Seit seiner frühen Jugend ist der mutmaßliche Mörder von Walter Lübcke immer wieder straffällig geworden. Widersprüche prägen das Leben von Stephan Ernst.
WIESBADEN. Was ist das für ein Mensch, der zugegeben hat, den Kassler Regierungspräsidenten Walter Lübcke umgebracht zu haben? Mit insgesamt 37 Einträgen ist der Name des heute 45 Jahre alten Stephan Ernst im Auskunftssystem der Polizei gespeichert.
Bei den Ersten ging es nur um Sachbeschädigung. Doch schon in jungen Jahren kam versuchter Totschlag hinzu. Immer wieder war er wegen Beleidigungen aufgefallen, wegen Körperverletzung und zuletzt am 1. Mai 2009 wegen schweren Landfriedensbruchs. Da führten ihn die Sicherheitsbehörden längst schon als gewaltbereiten Rechtsextremisten.

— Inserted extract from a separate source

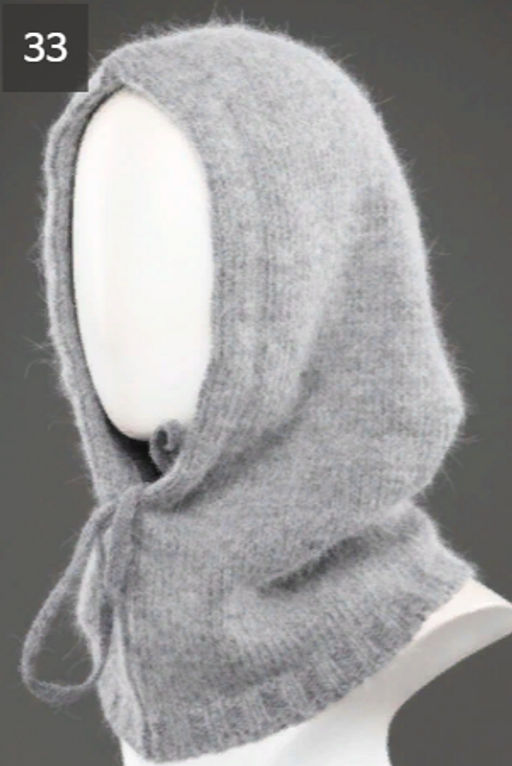 Комплект Мориса - Ferz фото 14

Ein Leben geprägt von Widersprüchen
Stephan Ernst, der in Hohenstein-Holzhausen (Rheingau-Taunus) seine Jugend verbracht hat, scheint eine merkwürdige, gespaltene Person zu sein. Einer, der in seinem Nachbarort Aarbergen-Michelbach Feuer legte in einem zumeist von Türken bewohnten Mehrfamilienhaus. Einer, der auf der Toilette des Wiesbadener Hauptbahnhofes einen türkischen Imam niederstach und lebensgefährlich verletzte. Einer, der vor einer Flüchtlingsunterkunft in Hohenstein-Steckenroth eine Rohrbombe platzierte und das mit ausländerfeindlichen Motiven begründete.
Dann aber wiederum auch einer, der in der Verhandlung, die es deshalb vor Gericht gegeben hat, von seiner Freundschaft zu einem jungen Türken erzählt. Von seiner Enttäuschung, dass diese Freundschaft abgeflaut sei. Und dass er sich deshalb immer wieder in Erinnerung rief, bloß nicht mehr anhänglich sein zu wollen.
Kollegen sind schockiert, als sie von der Festnahme erfahren
Diese Widersprüchlichkeit ist ein Muster in seinem Leben, das sich wiederholt: Als er nach Verbüßen einer langjährigen Haftstrafe nach Kassel gezogen war, hatte er dort einen Job angenommen. Nachdem er nun in Untersuchungshaft kam, weil er des Mordes an Walter Lübcke verdächtigt wurde, sorgte das bei seinem Arbeitskollegen für Erstaunen. Sie beschrieben ihn einem Journalisten der Hessisch-Niedersächsischen-Allgemeinen als „nett und zurückhaltend“: Sein bester Kumpel sei ein Iraner gewesen.
Der Rechtsextremist hat ausgesagt, den Mord an Walter Lübcke alleine begangen zu haben. In einem psychiatrischen Gutachten, das Mitte der 90er Jahre über ihn erstellt worden war, hieß es, er sehe sich „als unverstandener Außenseiter“, der ein auffälliges Defizit in der Urteils- und Einsichtsfähigkeit habe.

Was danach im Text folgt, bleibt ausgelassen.